MIT finds actual wisdom in the wisdom of crowds

You just need to find the people that know they are right and expect others to be wrong.


To paraphrase Men In Black's Agent K, a person is smart, but people are dumb, panicky and dangerous animals. Researchers at MIT and Princeton wanted to see if, despite this, they were able to extract better information from crowds. They appear to have succeeded after developing an algorithm that looks at what people answer, but also what they believe other people will answer too.

As the paper's authors explain, the democratic method of asking people to choose between two (or more) options isn't perfect. The system often skews heavily in favor of "shallow, lowest common denominator information at the expense of novel or specialized knowledge." Hence the idea, so espoused in the UK's recent referendum to leave the European Union, that the people had grown tired of experts.

In order to combat this, the pair developed a system that essentially gives extra weight to the answers of better-informed people. In the example, a group was given two questions: "Is Philadelphia the capital of Pennsylvania?" and "Will other people think that Philadelphia is the capital of Pennsylvania?"

Now, Philadelphia isn't the capital city of Pennsylvania, that honor goes to Harrisburg, but Philadelphia is bigger, more populous and better known. But those people who answered no to the first question said yes to the second, showing that they anticipated being in the minority.

The researchers' solution to polling data is to only select the answer that is more popular than people predict it to be. As MIT News explains, it's this smaller group that helps give you the proper weight of the overall answers. Put simply, it's worth looking at those folks who answer against what they believe everyone else will say, since they may be smarter than everyone else.

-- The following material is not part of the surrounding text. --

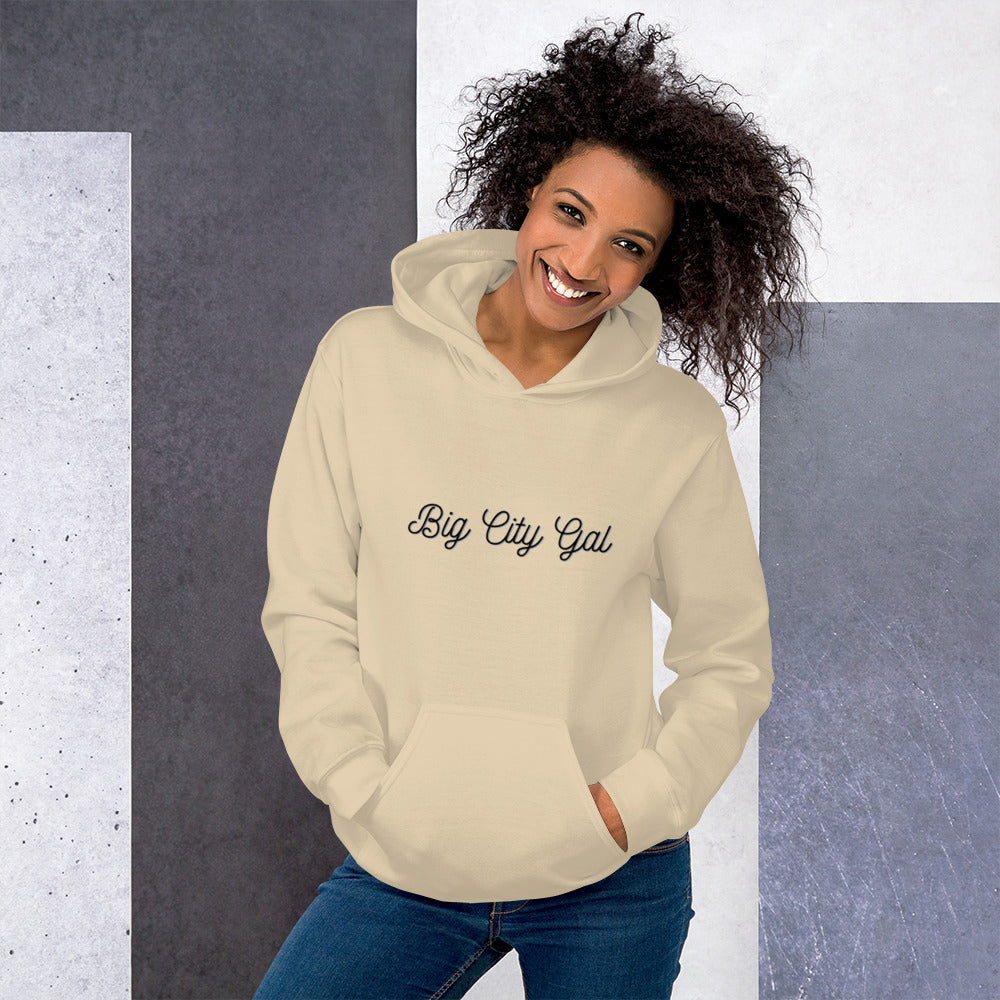 Big City Gal Unisex Hoodie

There's a sting in this tale, however, because this newfangled algorithm may not be enough to overcome human biases in some fields. At the same time that news of the research was published, the Washington Post carried out a similar experiment with unfortunate results.

The paper asked people to compare images of the National Mall on Jan 20th, 2009 and Jan 20th, 2017 -- inauguration day. They were asked, simply, to choose which image displayed more people, and those with a political slant toward the current administration chose the clearly less populous picture. So, while scientists are still trying to make surveys and voting patterns better, they're still going to have to contend with people being people.